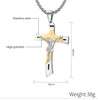 INRI Jesus on the Blade of the Cross Pendant Necklace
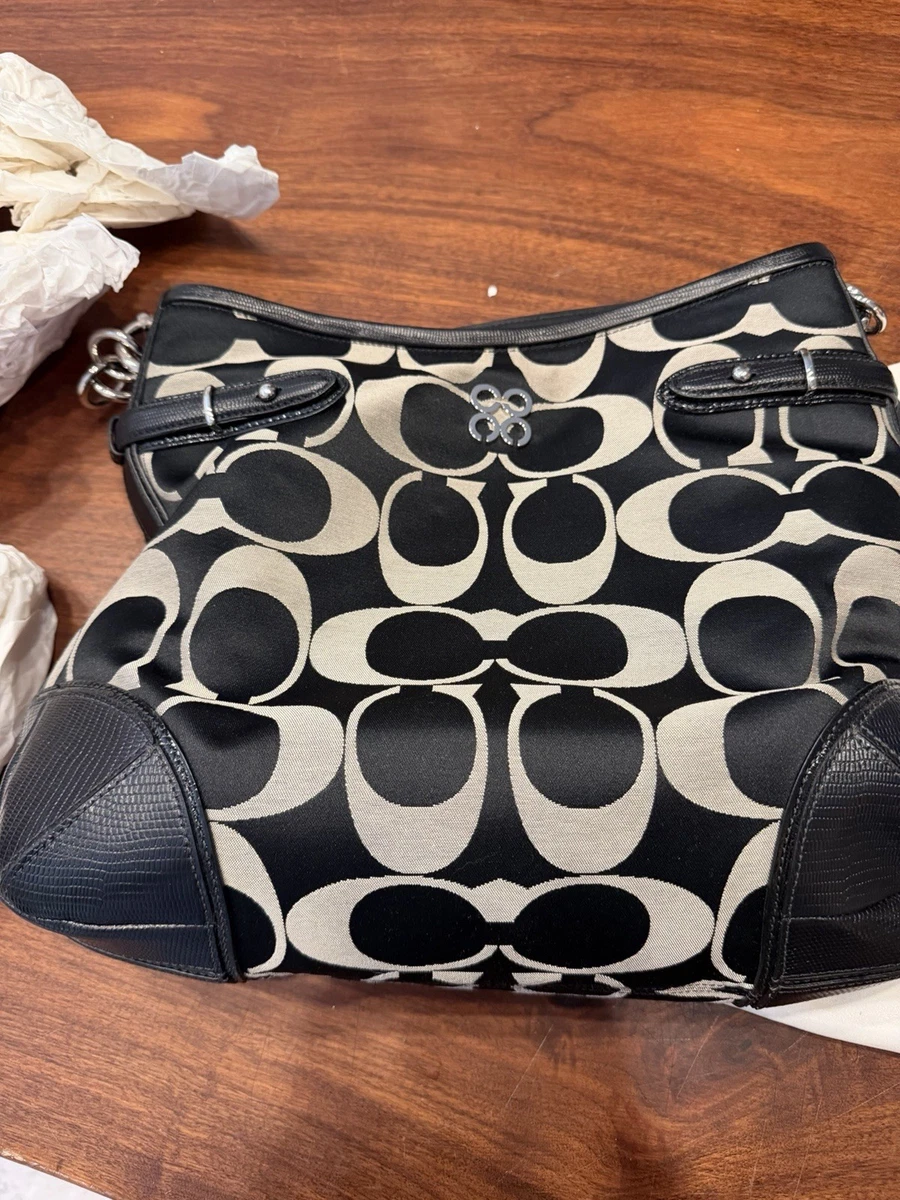 Coach Black Signature Hobo Bag for sale - eBay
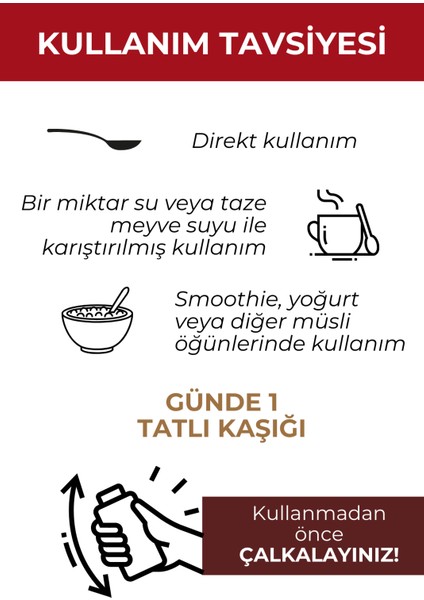 Doğal ve Saf Keçiboynuzundan Elde Edilen Besleyici Keçiboynuzu Özü 350g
----
● Problem
The material above is to be repeated word for word, with no images kept.

● Exercise result
 INRI Jesus on the Blade of the Cross Pendant Necklace
 Coach Black Signature Hobo Bag for sale - eBay
 Doğal ve Saf Keçiboynuzundan Elde Edilen Besleyici Keçiboynuzu Özü 350g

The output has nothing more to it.